Uma fonte do governo disse à rede Al Jazeera que o Taleban tem cerca de mil soldados em Herat no momento. Segundo o ministério da Defesa, dezenas deles foram mortos nas batalhas do fim de semana.

Enquanto isso, a capital está em suspenso, com lojas e escolas fechadas e “a confiança da população seriamente comprometida”, segundo Jaelany Farhad.

“Os moradores estão em pânico, especialmente os mais jovens, que nunca viveram uma guerra. Eles nunca nem ouviram um som de tiro e agora de repente podem ser atacados por canhões e tanques.

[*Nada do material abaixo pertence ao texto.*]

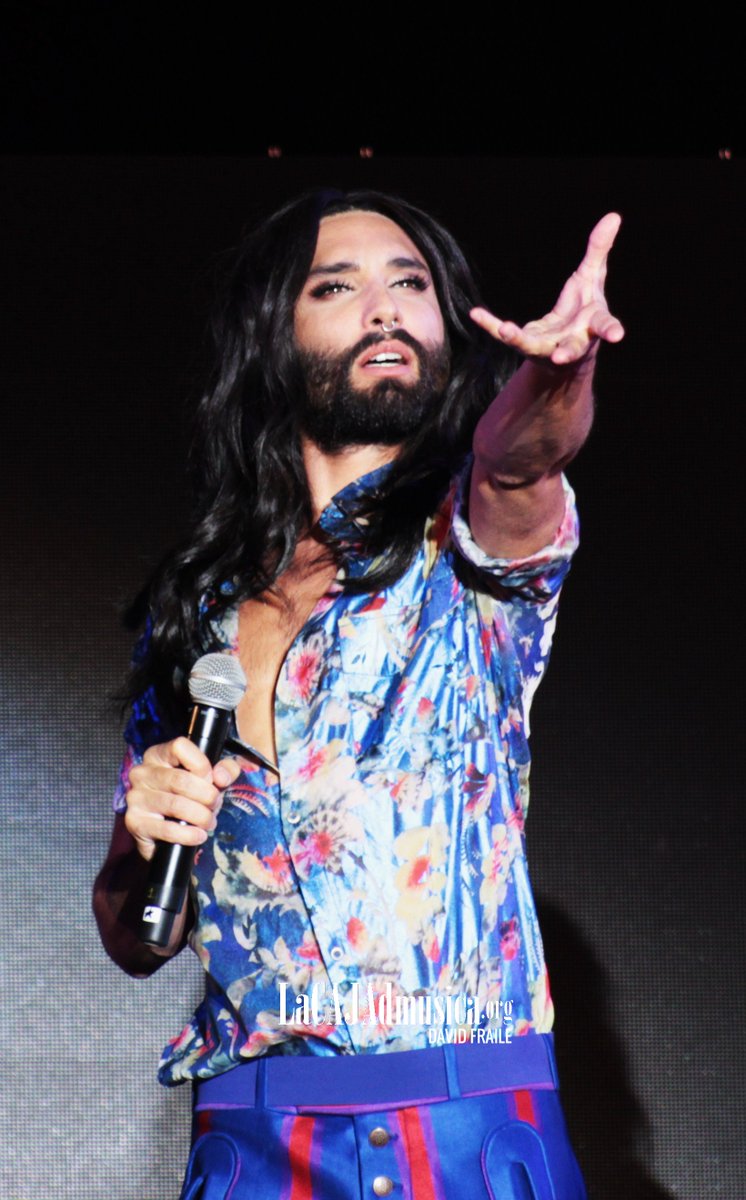 lapropuesta_web's tweet photo. .#FOTOS2 @ConchitaWurst , @RuthLorenzo1 Escenario #Alcalá en @WorldPride2017 en https://t.co/e3xHT6Thk7 por @dfraile1978 #WorldPrideMadrid https://t.co/X6HrJzgtbm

Estão aterrorizados.”

Segundo o jornal britânico The Guardian, funcionários públicos estão escondendo documentos para evitar que o Taleban os destrua ou utilize para identificar e atacar quem trabalha para o governo, no caso de uma invasão.

O Taleban comandou o Afeganistão por meio de um regime brutal de 1996 a 2001, quando foi desalojado do poder pela invasão liderada pelos EUA após o 11 de Setembro.

Em maio deste ano, encorajado pelo anúncio de que as tropas estrangeiras sairiam do país até 31 de agosto, o grupo extremista vem avançando sobre o território afegão e reconquistando diversas áreas controladas pelo governo do presidente Ashraf Ghani, que foi eleito democraticamente e tem apoio de países do Ocidente. De zonas rurais e vilarejos, os talebans passaram a atacar também cidades maiores, como Herat.

“Se eles ganharem, vai ser um massacre. Uma catástrofe humanitária. Nós, afegãos, esperamos que a comunidade internacional ajude a parar esses ataques”, diz Farhad.

Nesta sexta, o Taleban assassinou o jornalista que ocupa o cargo correspondente ao de Farhad no governo nacional, em Cabul. Dezenas de ativistas, jornalistas, burocratas, juízes e figuras públicas que lutaram para manter o atual regime foram mortos pelos insurgentes, em uma tentativa de silenciar vozes dissidentes no país em guerra.

O porta-voz do governo de Herat afirma que está disposto a lutar até o fim para evitar a tomada da cidade. “Ninguém quer o Taleban de novo. Pessoalmente, como jornalista e funcionário público, estou pronto para lutar e ser morto para impedir que eles entrem na cidade.”